§ **Work required**:
Your answer must be the line containing "Braces Box Tooth" and each following line to the end of the listing below, copied exactly, with pictures removed and nothing added.

§ **Provided data**:
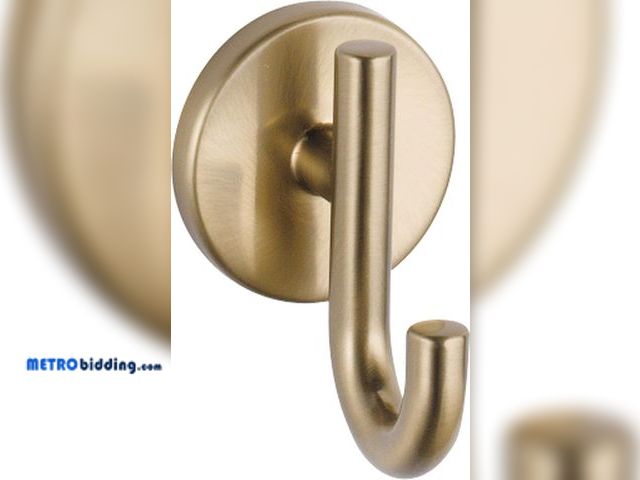 Lot 88-509347 - Delta 75935-CZ Trinsic Single Towel Hook in Champagne Bronze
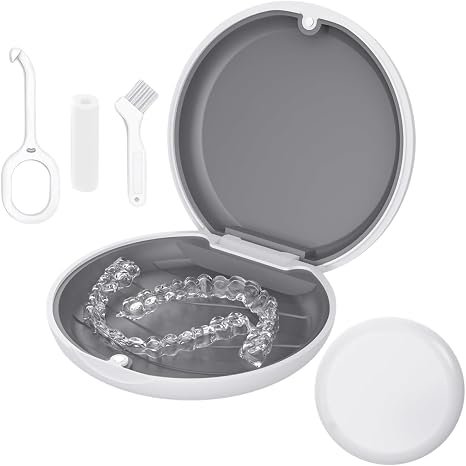 Braces Box Tooth Splint Box Compatible with Invisalign Retainer Case with Removal Tools & Aligner Chewies & Brush Removable Inner Silicone Compartment (White)
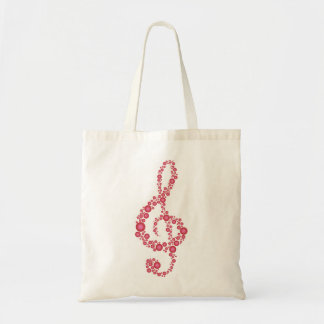 Bolso De Tela El rosa del Clef agudo de la música puntea el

§ **Written answer**:
 Braces Box Tooth Splint Box Compatible with Invisalign Retainer Case with Removal Tools & Aligner Chewies & Brush Removable Inner Silicone Compartment (White)
 Bolso De Tela El rosa del Clef agudo de la música puntea el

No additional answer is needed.